I love this picture,  and I wish I could take credit for having taken it – but in fact it was taken by a Carthage student whose name escapes me at the moment.  The picture is of three of my Carthage voice students – Andrew Spinelli, Craig Reece, and Zach Wolf – listening to the Friday afternoon master class presented by Dan Ihasz (see the “Flash Gordon” entry from Wednesday.)   All three guys had already sung for Dan at this point and they were just watching him continue to work with other singers.  I just love the look of excitement on their faces; you can tell that they are so grateful to be there and are drinking in every bit of the experience.  Dan is a master teacher and he really proved it in this situation.

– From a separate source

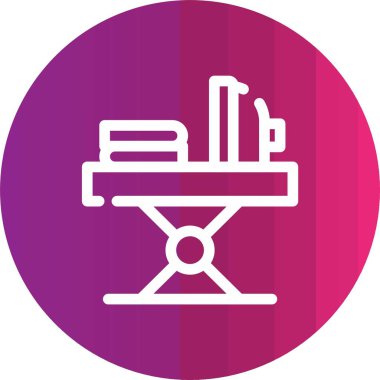 Modern b 'nin vektör illüstrasyonu eksik simgesi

For those of you who have never seen something like this before,   a master class involves a guest teacher working with students in front of an audience.  Almost always, the teacher does not know the students ahead of time, so he or she is giving the singers their initial first impression and trying to offer some worthwhile advice.  It’s a very tricky challenge and not all good voice teachers are good in master classes-  but Dan really is.

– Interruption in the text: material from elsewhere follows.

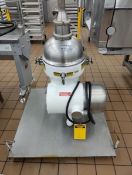 Equipment Engineering Inc. S/S Separator, M/N 340 S/N 3702788 (Handling, Loading, & Site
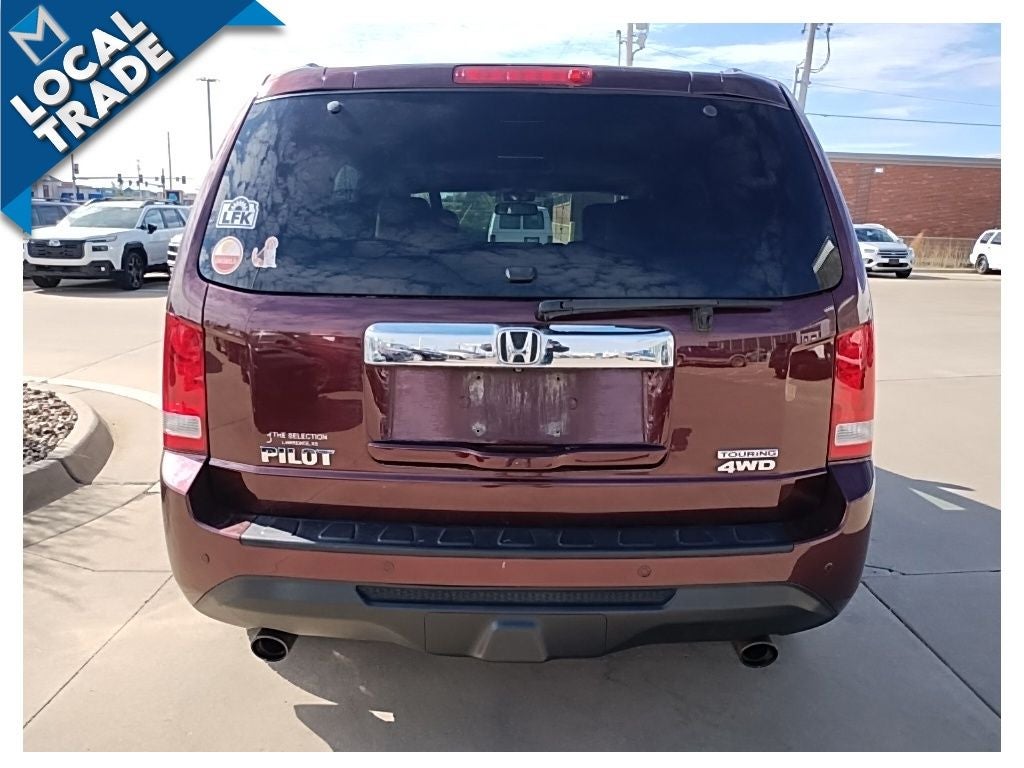 2013 Honda Pilot Touring 4WD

I think part of what made it a very exciting experience for my guys (all of the singers in the class were mine, because the master class in the fall involved all women. It was the guys’ turn this time around)  is that I am a rather stick-to-the-basics kind of voice teacher;  I almost never ask a student to quack like a duck or touch the tip of his tongue to his eyebrows or whatever.  So I think it was really interesting and fun for them to work with a teacher who was not afraid to ask them to do some things that were out of the ordinary and new . . . nothing terribly strange, but different things from how I work.   And with every single singer,  there was tremendous improvement demonstrated.   And when you think about it,  there’s almost nothing more exciting than to witness that – and over and over again.   I almost wish that PBS had a series called “The Master Class”  in which you could watch a master teacher working with singers and eliciting great things from them.  There is such drama involved in this kind of interaction- with the teacher offering suggestions and the singers doing their best to act on those suggestions in order to achieve the desired breakthrough.

Which reminds me-  my guys were SO open to what Dan had to say,  and I am truly delighted about that.  No matter what,  they really went for everything he asked for and – as I said – over and over again they experienced profound improvement.  Part of what makes that possible is that the guest teacher is there without any preconceived notions of what the singer can or cannot do –  no history to perhaps cloud the picture – and no tendency to steer clear of stubborn problems.  In this situation, it’s interaction between two strangers- and although there are drawbacks to that, there is also the potential for tremendous growth.

If there’s anything not fun about this, it’s being the teacher who listening to their singers sing better than they have ever sung for you.  I had these fleeting moments when I thought to myself  “how come I never thought of that?   How come Dan is achieving this breakthrough with Joe Blow that I’ve never managed to achieve?   Do I really know how to teach voice?   Would my students be better off if I handed them off to other teachers who know what they’re doing, so i could go off to Auto Mechanic school?”  Fortunately,  those moments of self-doubt receded pretty quickly-  partly because Dan was so gracious and generous.

I’m not surprised that Andrew and Craig and Zach were so enthralled.  I was, too.   This was voice teaching at its very best – and I hope that my students and me will ride the wave of this inspiring and enlightening afternoon for a long time to come.